> [WORK ORDER] Copy from the first line below down to and including the line with "LED Desk Lamp, Foldable". Skip the pictures.

> [Crawled caption data]
_ _ _ _ _

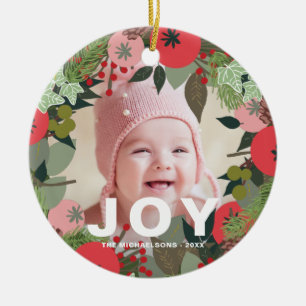 Festive Holiday Wreath with Joy Typography Photo Ceramic Ornament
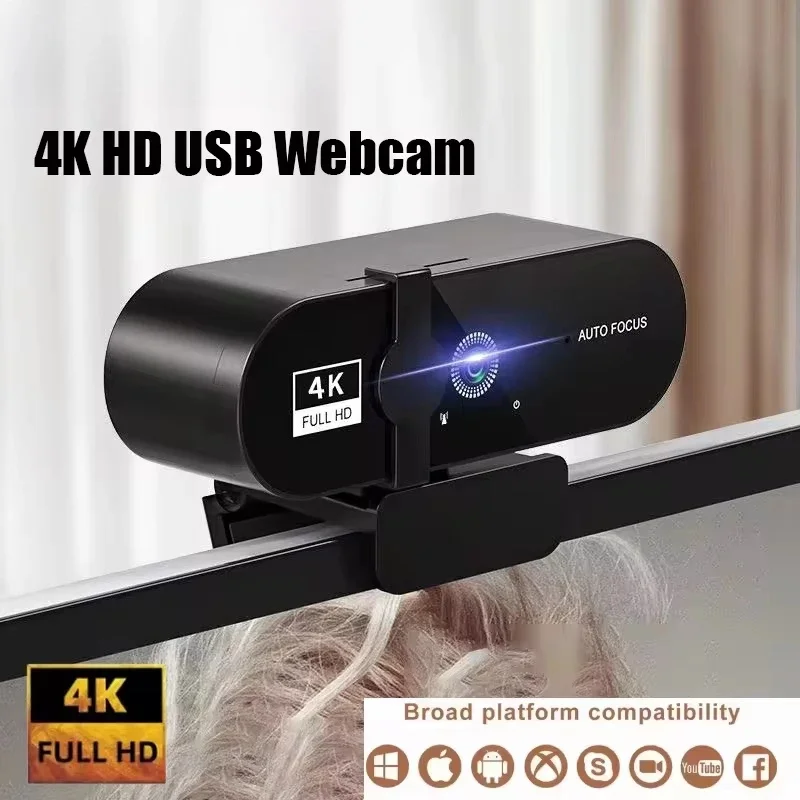 Webcam 4K, mini caméra 1080P, webcam Full HD 2K avec microphone, 30fps, webcam USB pour mise au point automatique, caméra vidéo pour PC portable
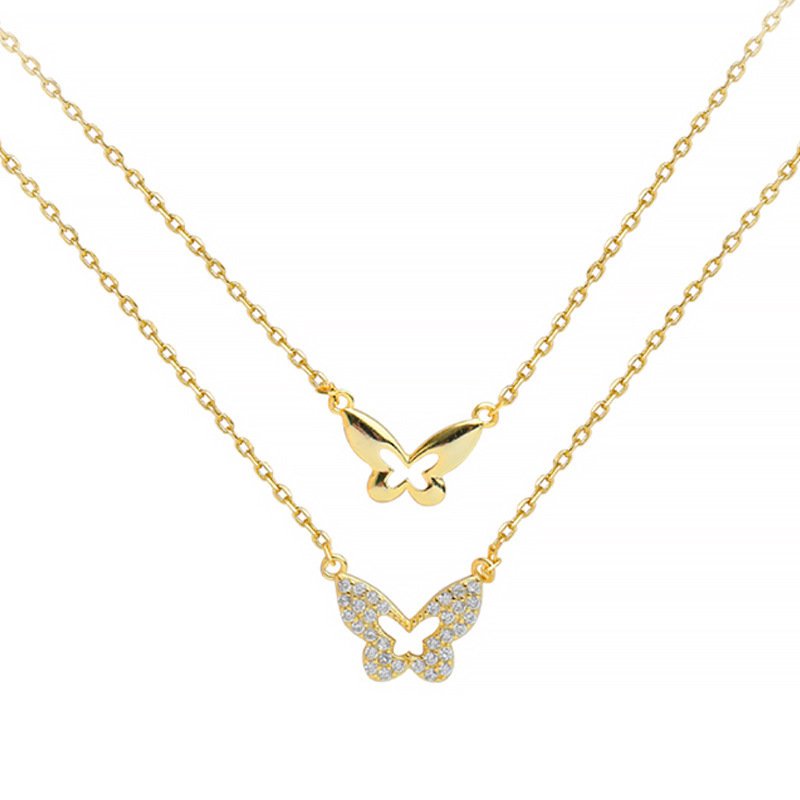 Collier papillon double couche en argent 925
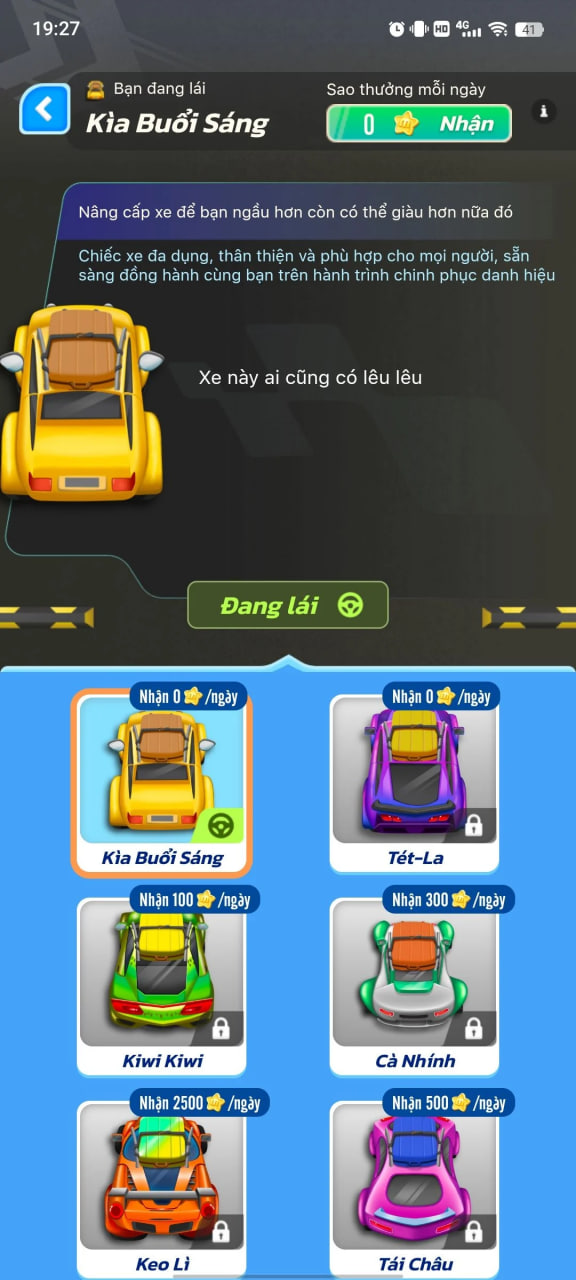 Thay đổi skin xe trong game Momo Bon Bon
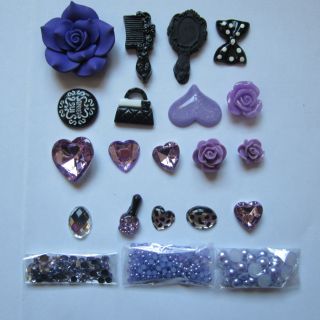 Dark Purple Anna Sui DIY Deco Kit for Cell Phone iPhone 4G 4S 5 Case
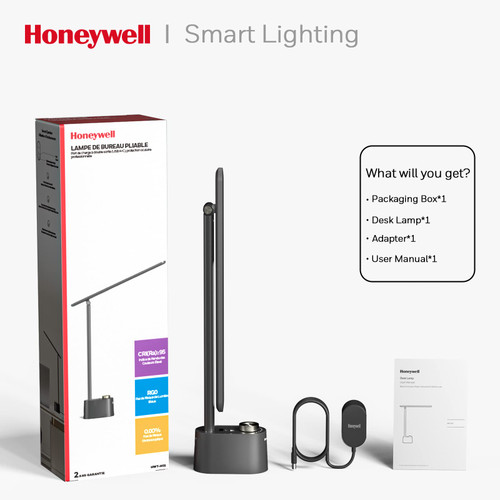 LED Desk Lamp, Foldable & Stepless Dimmable, Black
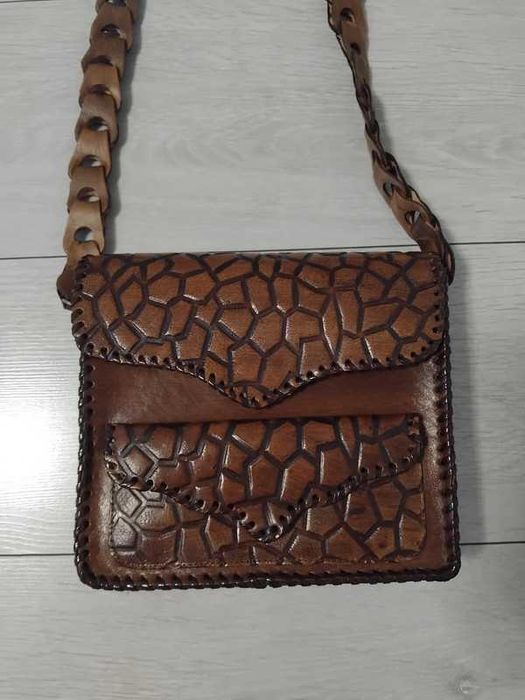 Geanta piele, maro, noua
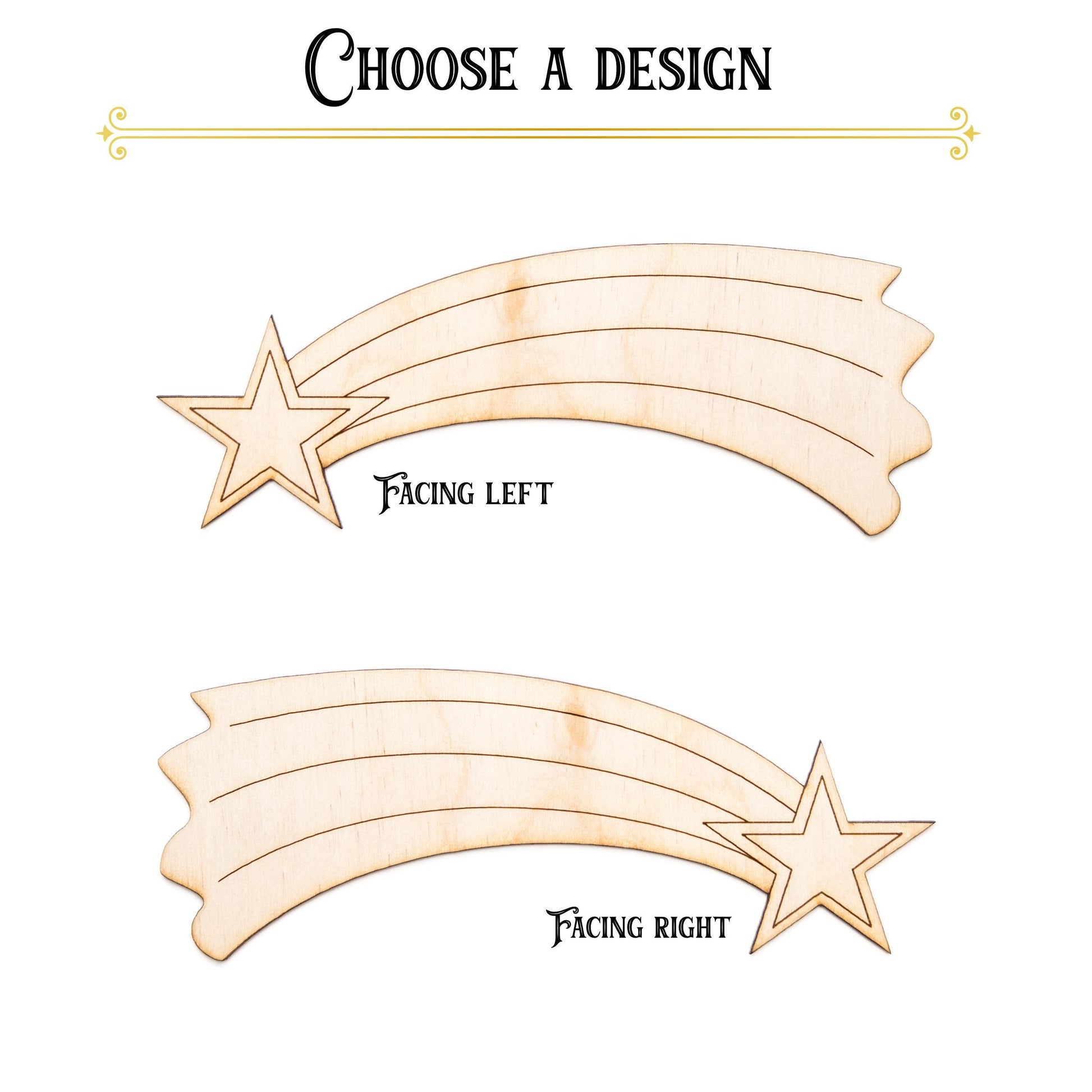 Shooting Star Wood Cutout - Laser Cut Unfinished Craft Shape - Multiple Sizes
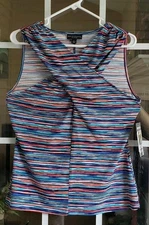 Bold Elements Multi Stripe Criss Cross Stretch Top Large  Bin 1-85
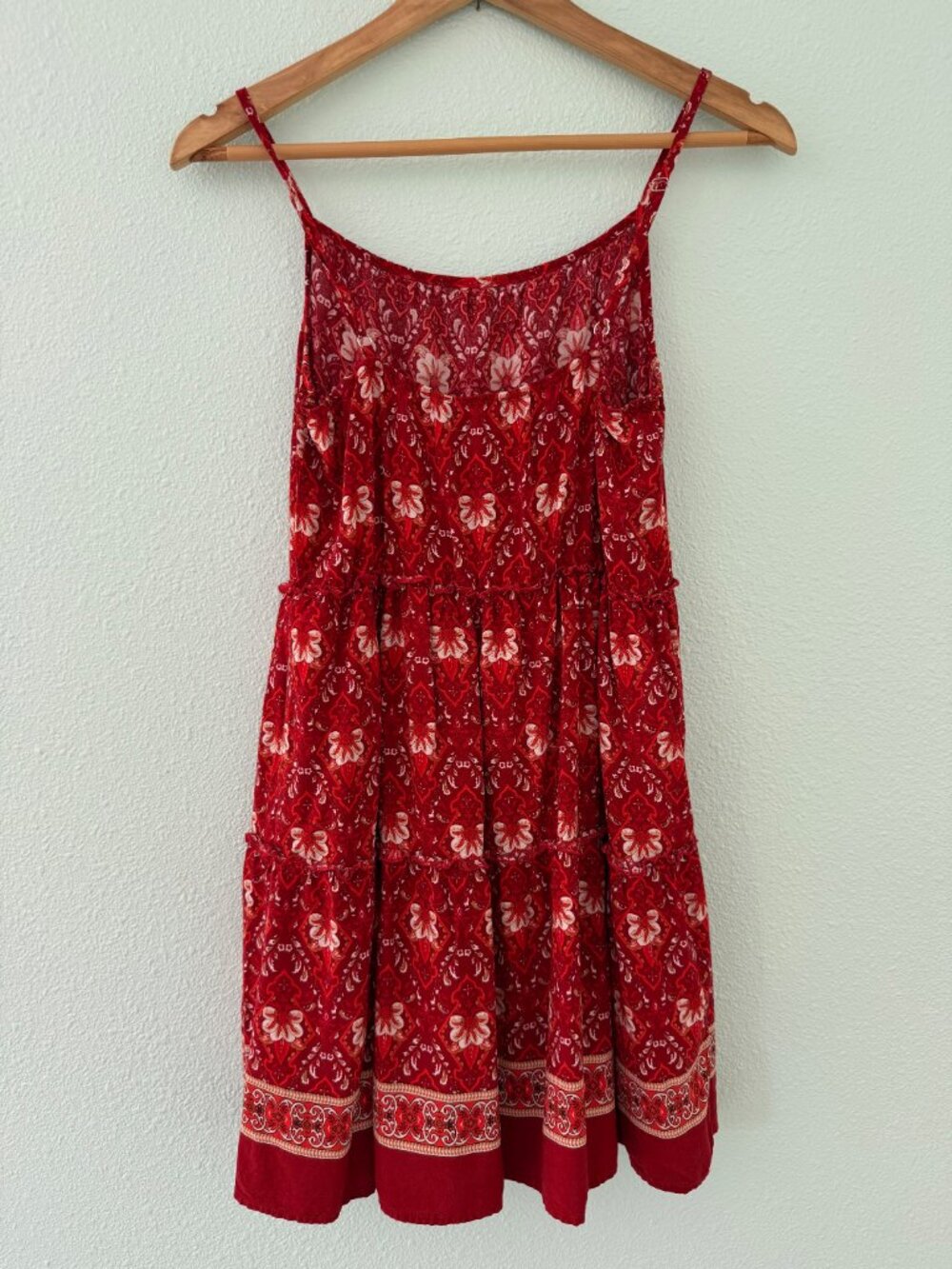 Zesica Red Boho Spaghetti Strap Mini Dress Size Small - Picture 4 of 7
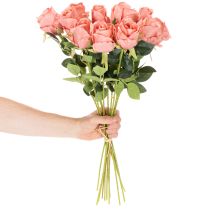 Artikel Künstliche Rosen im Bund, langstielig, 62 cm, rosa, 12 Stück
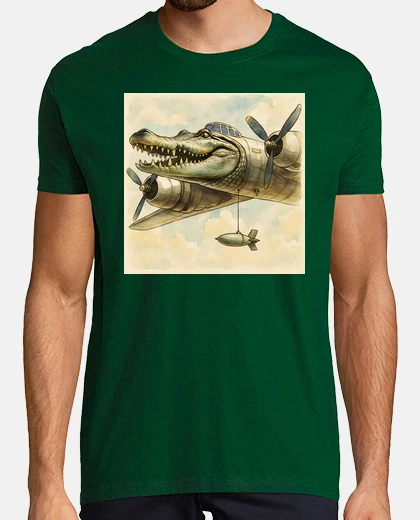 Camiseta bombardero cocodrilo acuarela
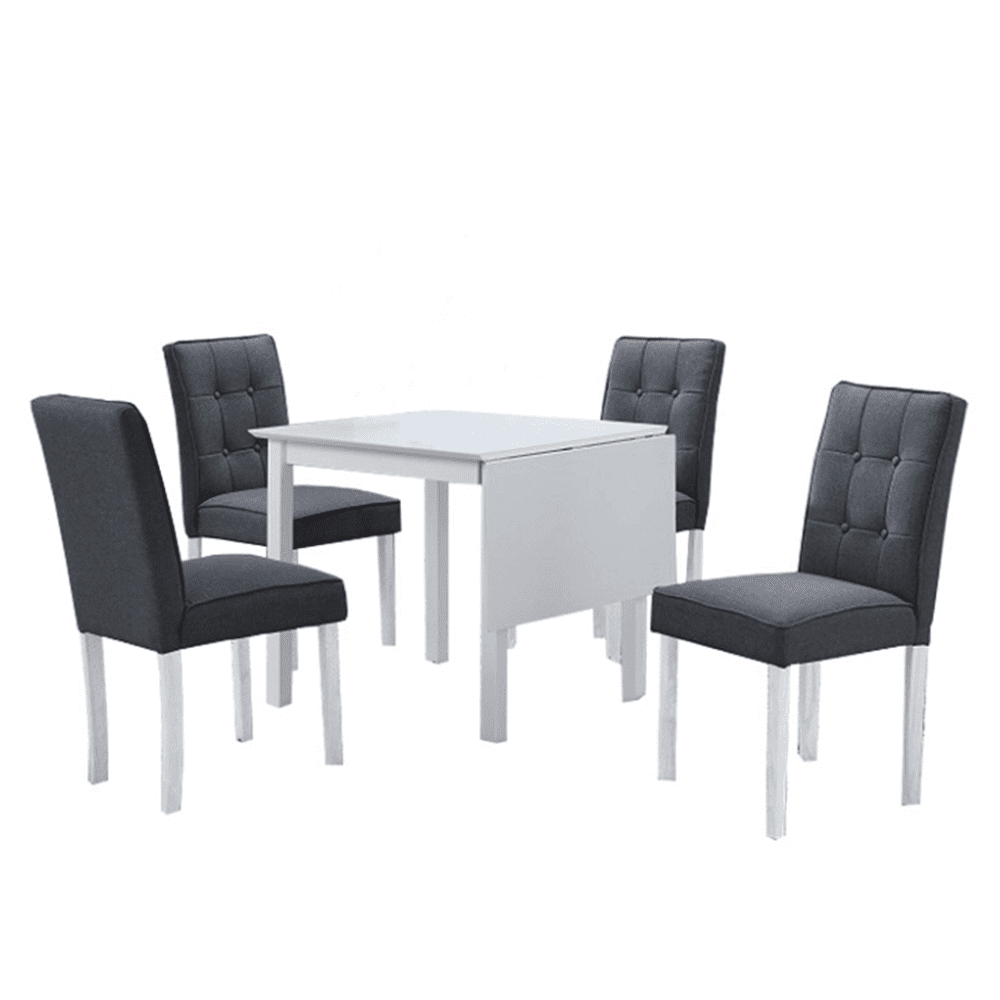KONDELA Jedálenský set, rozkladací stôl, biela / šedá, BJORK New 1+4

_ _ _ _ _

> [ANSWER BOX]
 Festive Holiday Wreath with Joy Typography Photo Ceramic Ornament
 Webcam 4K, mini caméra 1080P, webcam Full HD 2K avec microphone, 30fps, webcam USB pour mise au point automatique, caméra vidéo pour PC portable
 Collier papillon double couche en argent 925
 Thay đổi skin xe trong game Momo Bon Bon
 Dark Purple Anna Sui DIY Deco Kit for Cell Phone iPhone 4G 4S 5 Case
 LED Desk Lamp, Foldable & Stepless Dimmable, Black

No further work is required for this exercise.